I am at the Community College's library.
Less than a block away from the Grand Rapids Main, I feel it is a rarely noticed gem.
Usually bustling during the weekdays, Sunday finds it empty and full of natural light. I stare out the rear window to heritage hill, across the snow-plowed piles and a parking lot. I am alone on the second floor. It is quiet. So quiet. My slide guitar laden music is playing loudly in the headphones I checked out from the front desk. Hours of isolation spent, sandwiched by meals with family and friends. A well way to spend a Sunday afternoon, if you ask me. Light work and personal projects.
About a month ago I made the horrific realization that I had lost a flash-drive with many important works on it. Mainly, it contained the second half (rough draft) of the manuscript I turned in for Creative Writing, as well as the spit-shining-polished final draft of the first half. Easily over 50 man-hours.
This piece had earned hearty praise from my professor, who's opinion I value highly. Visualize doing something you have followed and admired for years, and having a small time expert/part time mentor rave about it. Your reaction is not an ego boost, but rather a instillation of faith in your own talent. The praise telling you that you are good at what you do. Even showing promise.
And I lost most of what I turned in.
Surprisingly, I am not as down as you'd expect about the whole thing.
I remember what I wrote about - just not in the exact same words.
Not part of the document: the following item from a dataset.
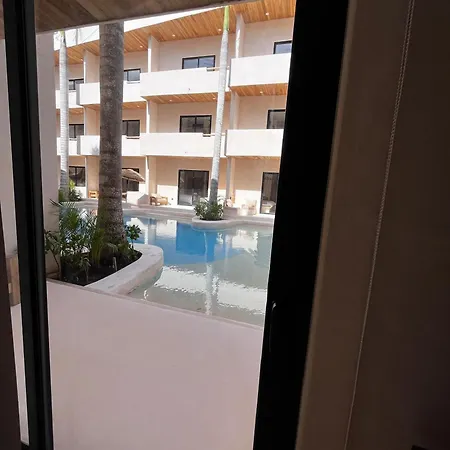 Cocay Departamento Jt Tulum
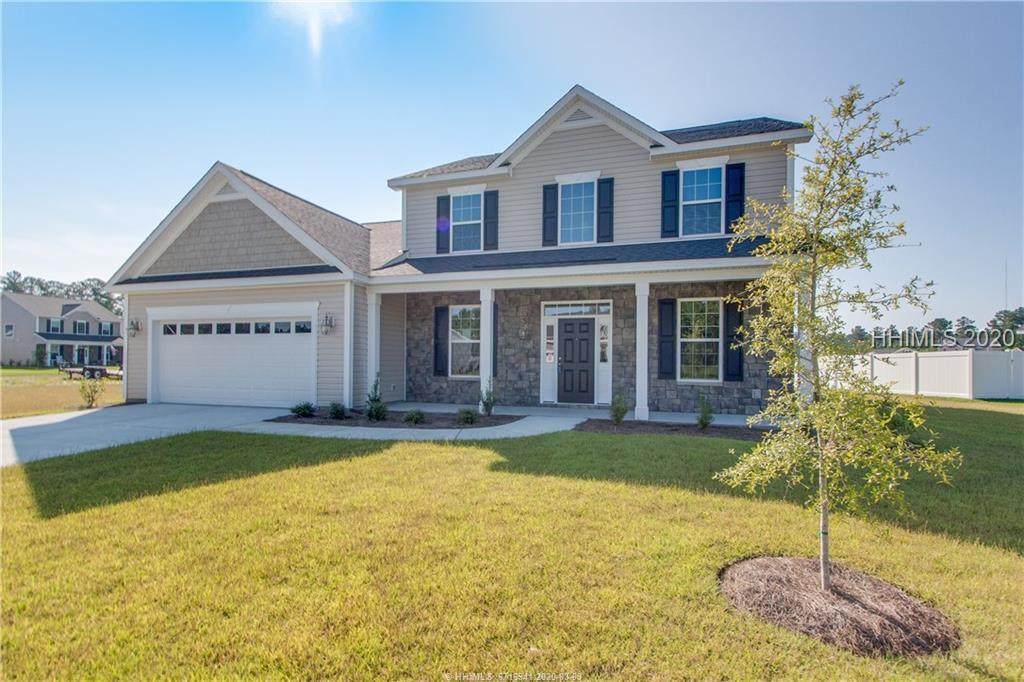 1557 Hearthstone Drive - Photo 1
I can rebuild the broken wall - the house will just end up looking different than it initially would.
Early in his career, Ernest Hemingway wrote the Nick Adams stories - but then lost the entire collection during...I think it was a cross-country move. Not one copy of them remained. What we know today is the rewriting of those stories from memory. Sure Hemingway was a literary icon - but his story gives me hope.
Waves destroy sandcastles. Hurricanes destroy cities. What causes us to rebuild? Keep living and raising children after our parents have died? Wash off the mud.